DIRECTIONS — Beginning with the line that contains "ヴィヴ(viv)&nbsp;ひし形ショートボブ×白髪ぼかしcolor", retype the entries below exactly, ending with the line that contains "Apartments With 2". Leave out any pictures.
Top of DATA EXTRACT
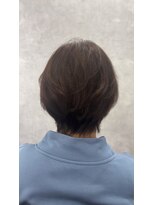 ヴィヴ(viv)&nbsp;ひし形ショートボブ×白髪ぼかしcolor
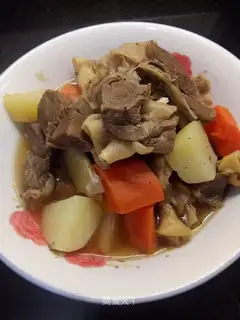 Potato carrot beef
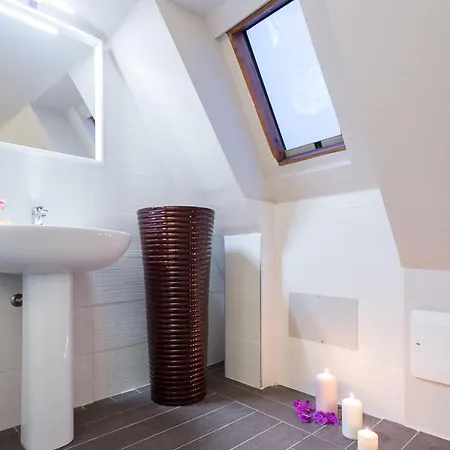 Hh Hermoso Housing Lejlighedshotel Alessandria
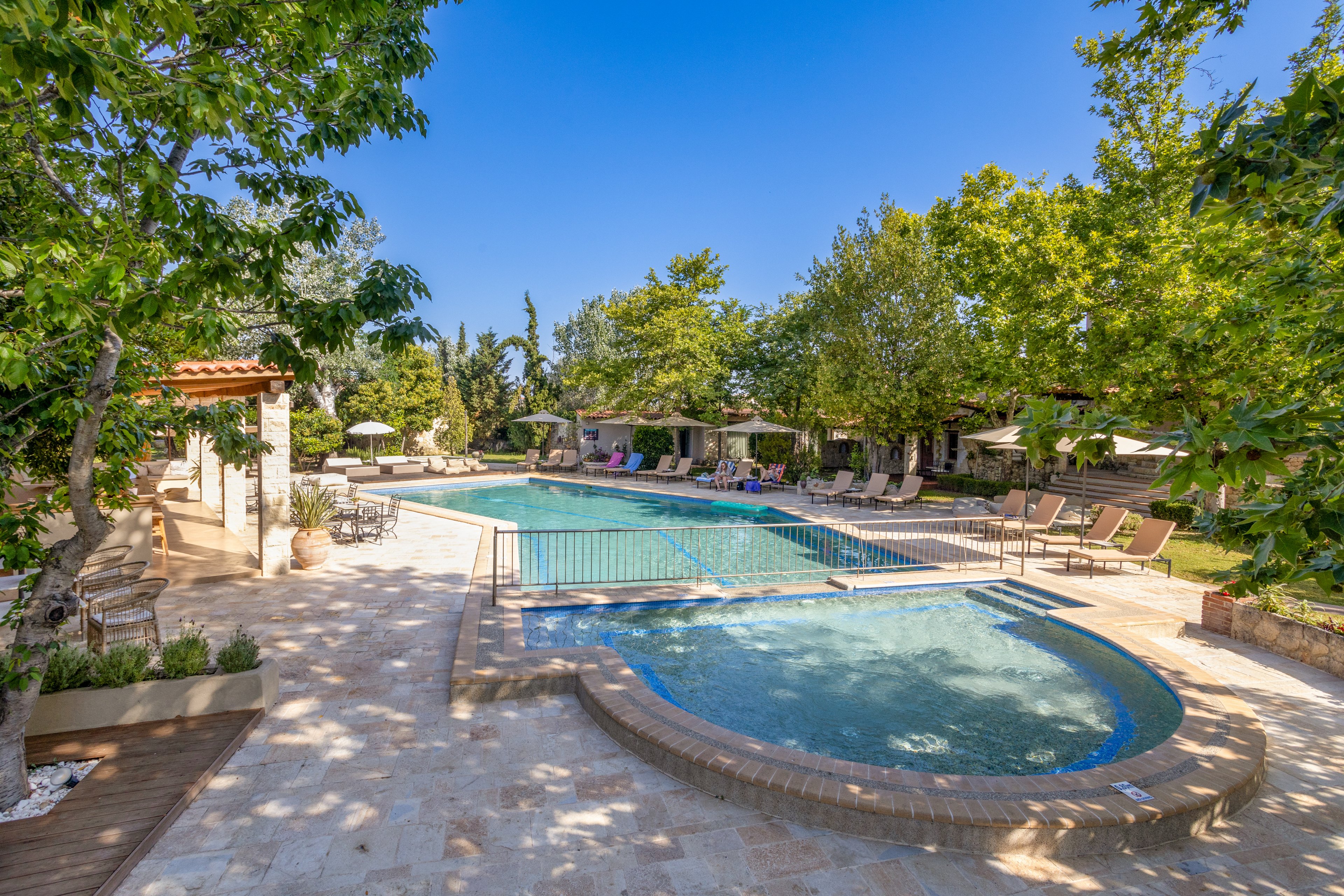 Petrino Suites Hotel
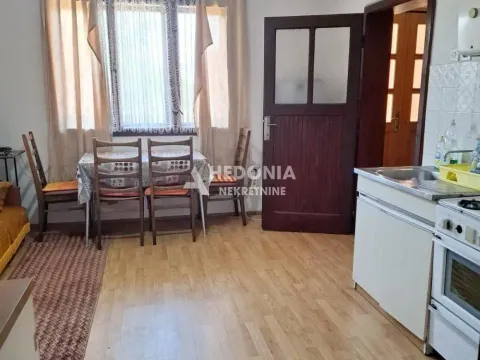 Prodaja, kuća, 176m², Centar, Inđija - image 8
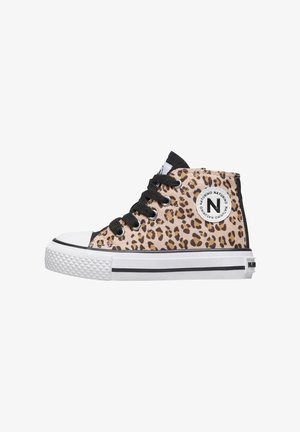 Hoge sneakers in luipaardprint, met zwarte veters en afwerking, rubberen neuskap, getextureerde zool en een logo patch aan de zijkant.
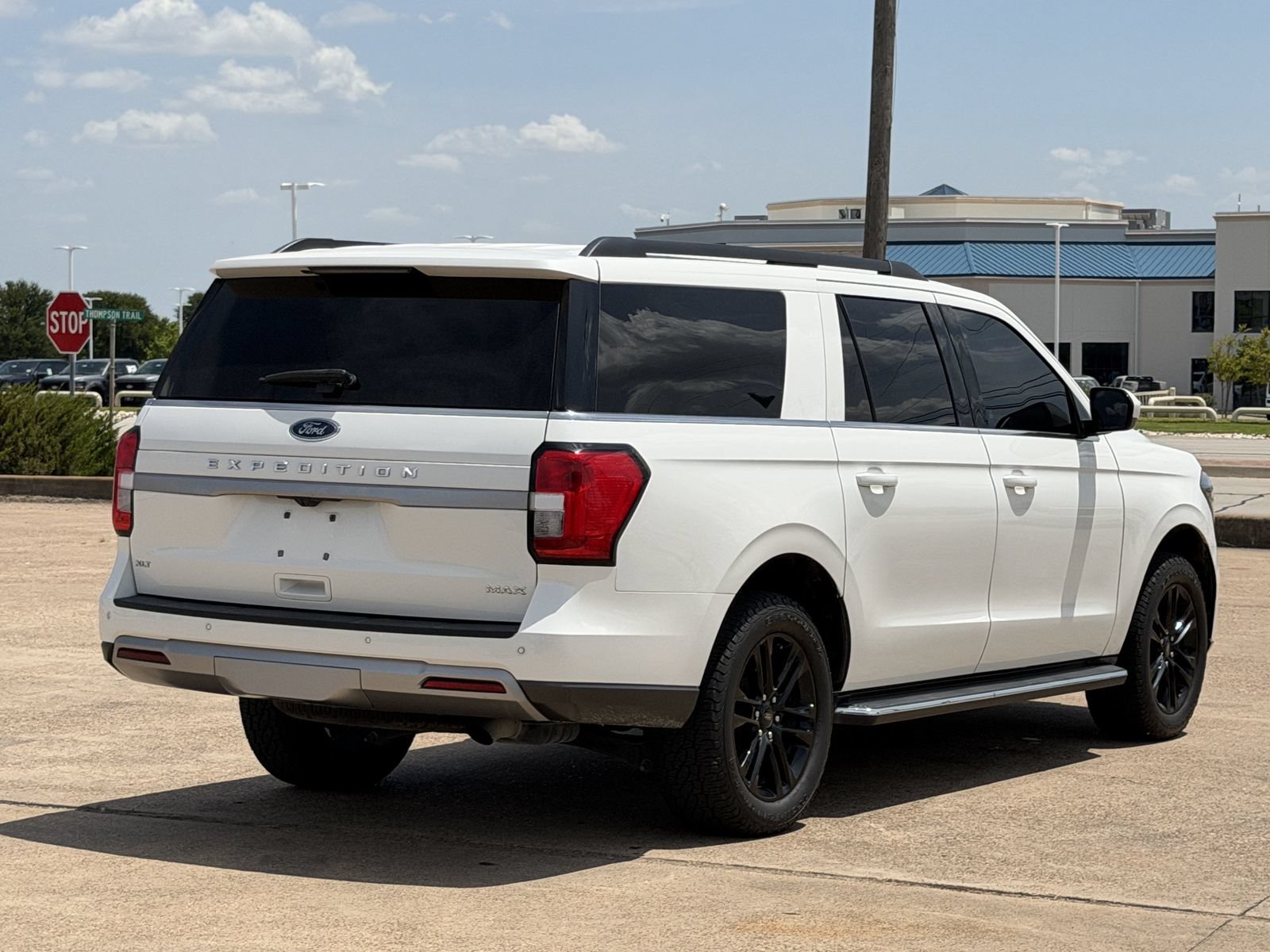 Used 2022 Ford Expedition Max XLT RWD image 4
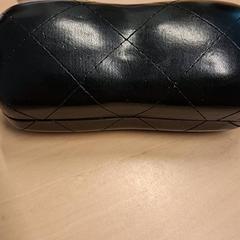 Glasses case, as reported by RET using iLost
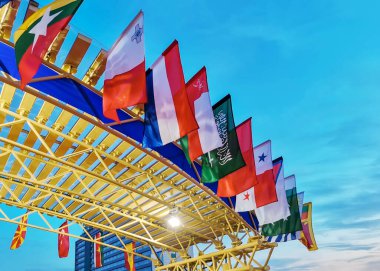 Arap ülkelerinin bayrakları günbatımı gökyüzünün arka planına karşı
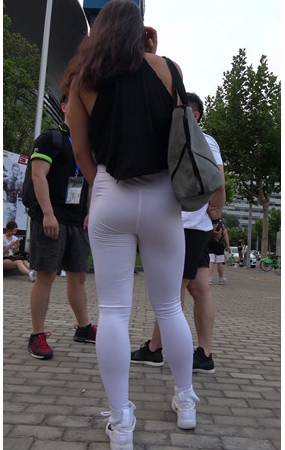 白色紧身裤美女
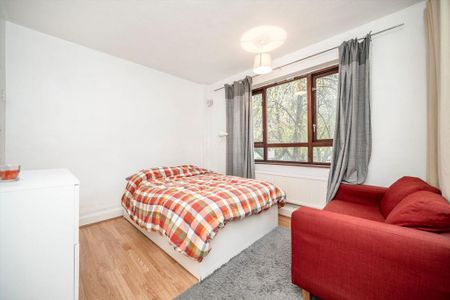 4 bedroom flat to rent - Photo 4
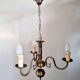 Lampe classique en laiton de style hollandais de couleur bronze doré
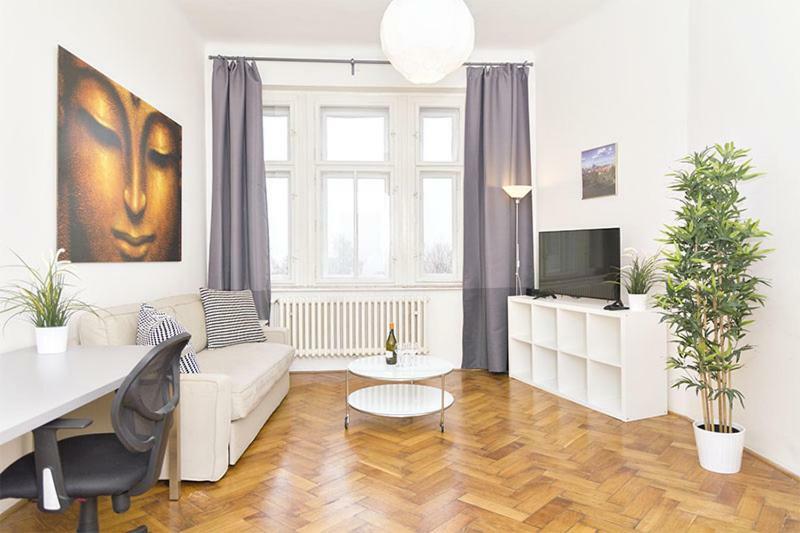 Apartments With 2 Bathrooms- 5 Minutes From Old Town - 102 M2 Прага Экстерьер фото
Bottom of DATA EXTRACT
Top of DATA EXTRACT
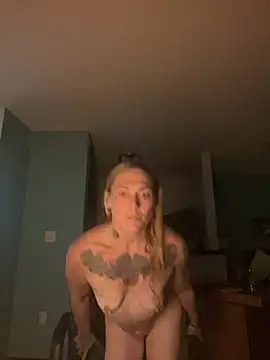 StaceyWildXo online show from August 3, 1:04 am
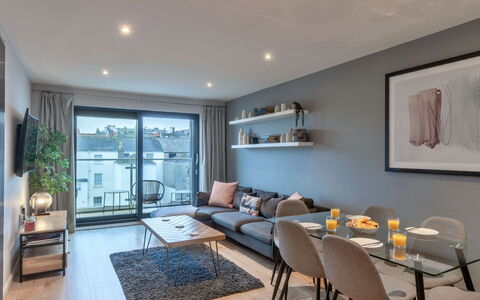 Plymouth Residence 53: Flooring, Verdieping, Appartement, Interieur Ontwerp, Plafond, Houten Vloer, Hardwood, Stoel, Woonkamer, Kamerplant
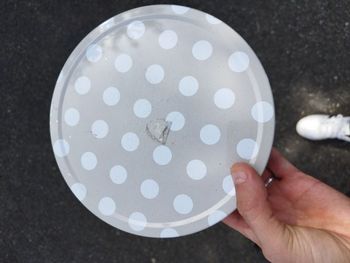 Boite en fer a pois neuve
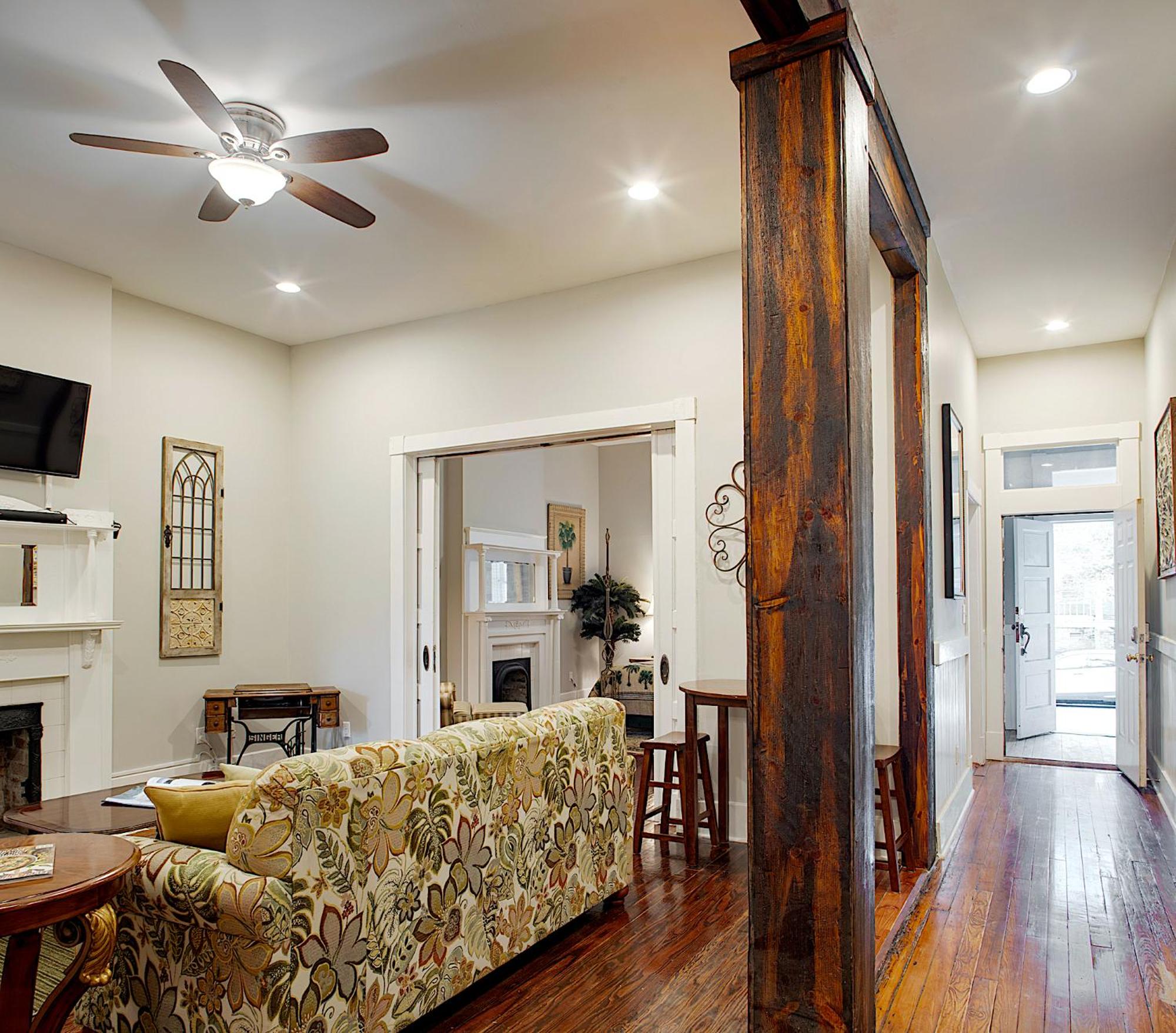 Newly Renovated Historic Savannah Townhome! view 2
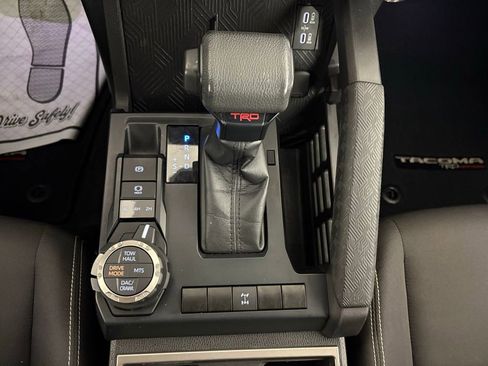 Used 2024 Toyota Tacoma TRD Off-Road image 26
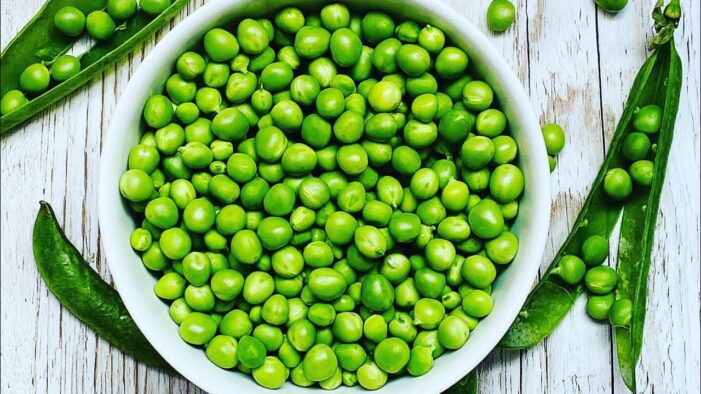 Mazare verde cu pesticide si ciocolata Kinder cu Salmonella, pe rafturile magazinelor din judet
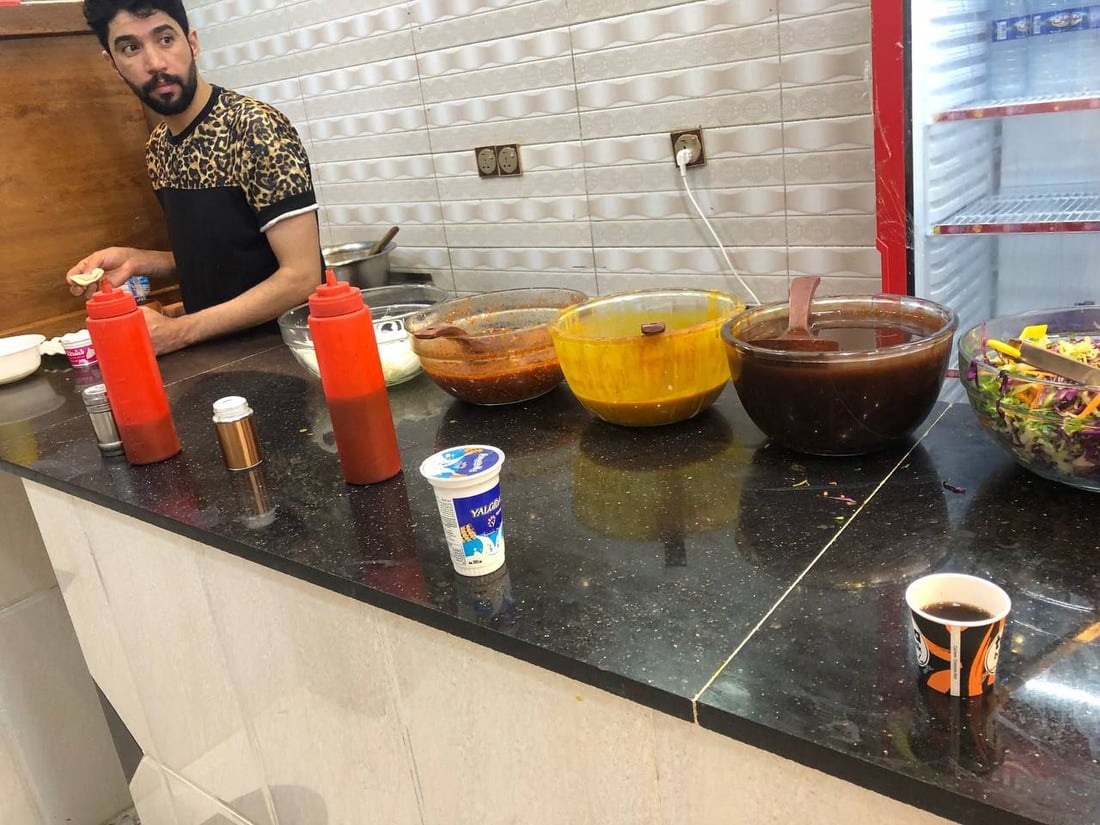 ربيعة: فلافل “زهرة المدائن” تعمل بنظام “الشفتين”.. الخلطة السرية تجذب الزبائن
Bottom of DATA EXTRACT
RESPONSE AREA —
 ヴィヴ(viv)&nbsp;ひし形ショートボブ×白髪ぼかしcolor
 Potato carrot beef
 Hh Hermoso Housing Lejlighedshotel Alessandria
 Petrino Suites Hotel
 Prodaja, kuća, 176m², Centar, Inđija - image 8
 Hoge sneakers in luipaardprint, met zwarte veters en afwerking, rubberen neuskap, getextureerde zool en een logo patch aan de zijkant.
 Used 2022 Ford Expedition Max XLT RWD image 4
 Glasses case, as reported by RET using iLost
 Arap ülkelerinin bayrakları günbatımı gökyüzünün arka planına karşı
 白色紧身裤美女
 4 bedroom flat to rent - Photo 4
 Lampe classique en laiton de style hollandais de couleur bronze doré
 Apartments With 2 Bathrooms- 5 Minutes From Old Town - 102 M2 Прага Экстерьер фото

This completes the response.